De son côté, le ministre chargé des Outre-mer, Jean-François Carenco, a salué l’ « immense poétesse, romancière d’avant-garde, militante convaincue, amoureuse de sa terre calédonienne et du peuple qu’elle vit souffrir et chanter ». « Déwé Gorodey demeurera pour la culture Kanak une pionnière, une fondatrice, une sculptrice d’élégances, de liberté et de dignité », souligne le ministre. L’ancien Haut-commissaire de l’archipel, Jean-Jacques Brot, aujourd’hui préfet des Yvelines, a lui aussi salué la mémoire de la poétesse Kanak.

L’hommage de Rima Abdul Malak : 

Femme libre, femme politique, femme d’écriture, Déwé Gorodey était de tous les combats, mais surtout de tous les engagements ; aujourd’hui, elle s’est éteinte en Nouvelle-Calédonie, sa terre, mais c’est bien au-delà que sa lumière persiste, puisant dans une énergie incroyable qu’elle n’aura eu de cesse de mettre au service de la culture océanienne, mais également des femmes et de l’action publique. 
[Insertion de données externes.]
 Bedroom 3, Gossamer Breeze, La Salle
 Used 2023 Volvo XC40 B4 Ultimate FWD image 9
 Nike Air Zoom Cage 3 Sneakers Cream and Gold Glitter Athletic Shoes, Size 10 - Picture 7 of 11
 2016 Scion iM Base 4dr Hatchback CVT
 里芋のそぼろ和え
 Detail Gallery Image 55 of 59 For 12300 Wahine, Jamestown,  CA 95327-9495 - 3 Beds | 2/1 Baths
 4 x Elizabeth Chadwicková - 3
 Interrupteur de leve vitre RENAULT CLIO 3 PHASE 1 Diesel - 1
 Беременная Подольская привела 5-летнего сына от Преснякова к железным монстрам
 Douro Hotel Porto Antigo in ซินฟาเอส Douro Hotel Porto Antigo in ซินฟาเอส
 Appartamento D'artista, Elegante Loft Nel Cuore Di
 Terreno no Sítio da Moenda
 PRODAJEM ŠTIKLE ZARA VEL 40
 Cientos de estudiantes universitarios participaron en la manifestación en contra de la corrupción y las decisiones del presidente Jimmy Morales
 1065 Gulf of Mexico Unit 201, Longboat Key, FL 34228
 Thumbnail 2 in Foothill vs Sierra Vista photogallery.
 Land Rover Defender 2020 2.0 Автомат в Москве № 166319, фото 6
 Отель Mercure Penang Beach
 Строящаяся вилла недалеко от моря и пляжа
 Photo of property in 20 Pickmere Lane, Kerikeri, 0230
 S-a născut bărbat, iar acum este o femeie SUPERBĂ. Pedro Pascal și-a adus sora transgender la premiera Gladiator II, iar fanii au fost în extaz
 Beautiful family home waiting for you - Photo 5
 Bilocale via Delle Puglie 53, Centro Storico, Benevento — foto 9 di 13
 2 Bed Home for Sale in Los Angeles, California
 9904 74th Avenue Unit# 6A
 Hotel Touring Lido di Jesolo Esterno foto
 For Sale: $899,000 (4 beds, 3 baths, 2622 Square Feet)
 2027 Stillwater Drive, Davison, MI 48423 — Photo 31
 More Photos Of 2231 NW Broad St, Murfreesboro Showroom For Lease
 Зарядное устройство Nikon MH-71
Plusieurs vies en une, mais la militante indépendantiste et la poète ont fait cause commune, car si elle a toujours enseigné, du français au collège jusqu’à la littérature à l’Université, il faut saluer la femme, parmi les premières, qui aura été élue puis membre sans discontinuer de tous les gouvernements depuis leur mise en place en 1999. L’action est vaste, multiple, mais retenons ce qui était sa bataille de cœur, la défense de la culture et de l'identité kanak - la recherche d’identité qu’elle définissait en mouvement : « le modèle, pour moi, il est devant soi, jamais en arrière. C’est une reformulation permanente ».

Si elle n’en était pas moins prévue par les accords de Matignon et Nouméa, la reconnaissance du plurilinguisme et de la diversité culturelle n’est pas toujours allée de soi et il fallait bien une œuvre littéraire, celle de la conteuse et de l’écrivain, pour accompagner les actes de sa vie publique tels la création de l’Académie des langues kanak, à laquelle elle a fortement contribué et dont elle était la présidente du Conseil d’administration, ou du Salon international du livre océanien.

Une femme-monde qui dans L’Épave, premier roman kanak publié en 2005, dira sans fard, courageusement, le désarroi des femmes abusées, brisant le silence autour des violences sexuelles. Une femme fière et généreuse à qui rendre hommage aujourd’hui est un devoir et un honneur. 

J’adresse à sa famille et à ses proches, mes plus sincères condoléances.

L’hommage de Jean-François Carenco :

Immense poétesse, romancière d’avant-garde, militante convaincue, amoureuse de sa terre calédonienne et du peuple qu’elle vit souffrir et chanter, Déwé Gorodey laisse orphelins non seulement les enfants de la culture calédonienne, mais tous les amoureux de la beauté et de la liberté.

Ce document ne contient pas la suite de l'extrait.